Michelle Nedelec  11:53

So I got really bored really quickly. So I basically sold all my businesses, it was like, Hey, do you wanna do this on Monday this, so I got them up and running and life was grand, and money’s coming in. And people are asking for stuff. And this is awesome. And I don’t want to do it anymore. So go ahead and sell it. So I guess that was serial entrepreneurialism before, that was cool, too. And just had a delightful array of occupations, you might say, which were the perfect lineup for becoming a business coach, because there really isn’t a business that I don’t understand the fundamentals of and can help people. To me, business is business, there are certain fundamentals you need, like cash, revenue clients, all those kinds of fun things. And being able to put those systems in place so that you, you have the startup phase, you go through them the growth phase, then once your growth is performing, you can move into the scaling phase, once you can scale, you can then exit which is an also fun stage to be able to either sell it to somebody handed over to current management, to your kids to whomever. And what is that plan? And how do you actually start companies with that in mind, so that you can go through those four stages faster? 

Heather Pearce Campbell  13:11

Yeah. Well, what I mean, and before we dig into some of the specifics, I’d love to know, overall, what is it that you enjoy about business?

Michelle Nedelec  13:24

Strategy, I love strategizing about a business. Because even though there’s kind of a legal aspect to a business, you have the fundamentals, you put them together, and they’re all kind of sort of the same.
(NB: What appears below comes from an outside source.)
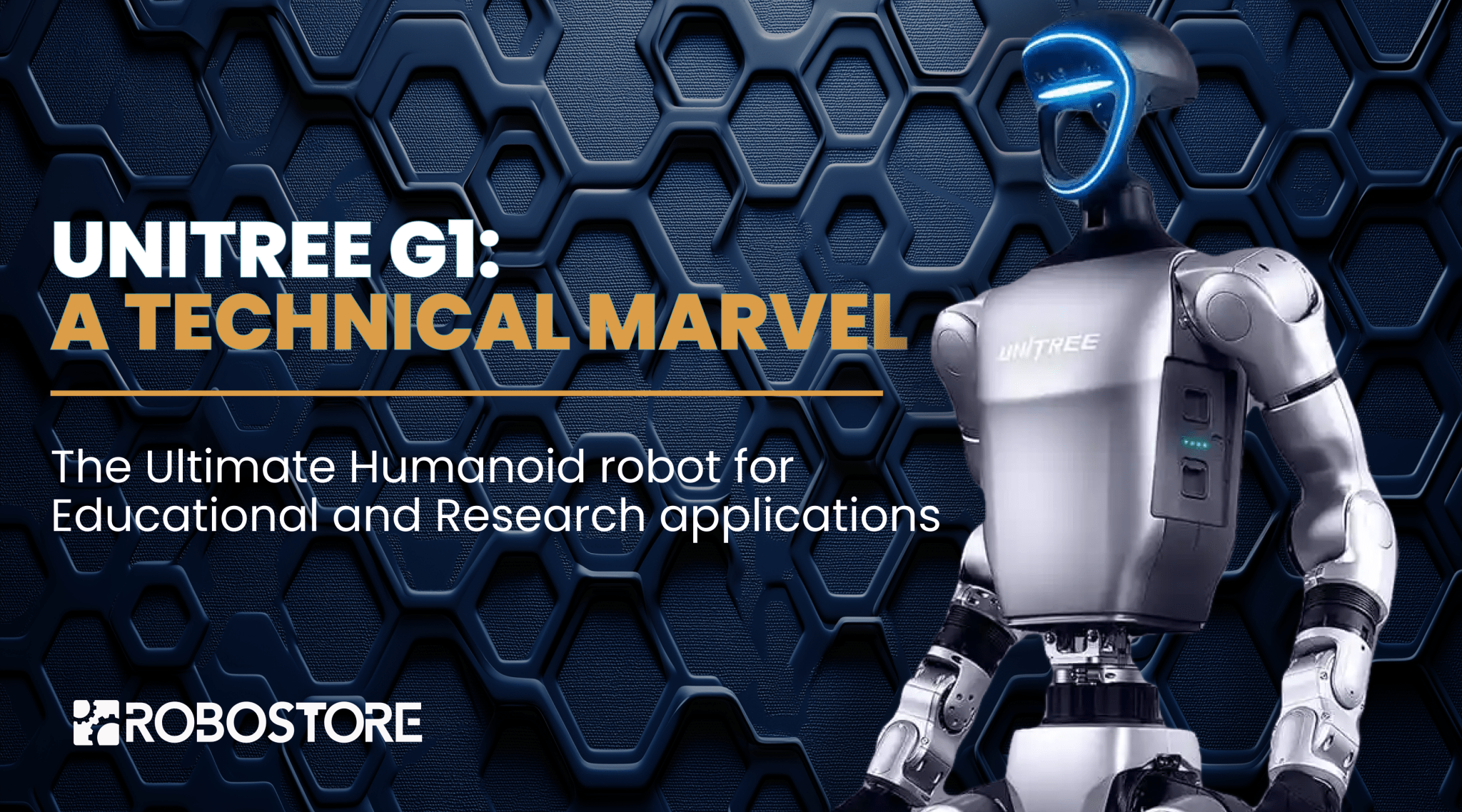 Unitree G1 EDU Ultimate Technical Specifications - RoboStore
When you get those little nuances of what do you absolutely love to do and deliver, who loves receiving it and has the wherewithal to not only appreciate what you do, but the willingness to pay you for what you do, then you find that little sweet spot and then it’s It’s like a It’s more than a puzzle. It’s, it’s a kind of an investigative process of, okay, where do we find these people? How do we get a hold of them? How do we entice them, bring them out. And and, and start having those relationships and those intriguing conversations that allow both parties to have fun in this engagement so that it’s more than just a business transaction.
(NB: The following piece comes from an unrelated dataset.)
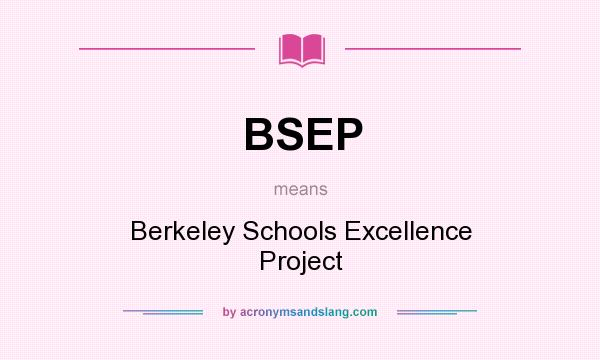 What does BSEP mean? It stands for Berkeley Schools Excellence Project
Heather Pearce Campbell  14:23

Mm hmm. Give us a sampling Give, give the listeners a sampling of the kinds like the range of businesses that you’ve worked with over the years in your capacity as a coach or a marketing expert or, you know, whatever has evolved into your current role. I know you’re quite skilled and like you’ve done. I mean, I’ve been at events with you where you are in a room and you were teaching this person about copywriting and like getting in behind the scenes on this other person’s website and like you’re, you know a lot about online business about all of the pieces. So share with us the types of clients that you’ve worked with. In recent years, primarily,

Michelle Nedelec  15:02

One of the fun ones that I like is when somebody is transitioning in, they’re taking their experience and they’re going, I don’t know what I want to do. So give me two completely random or from your experience kind of things either love, somebody might love to do.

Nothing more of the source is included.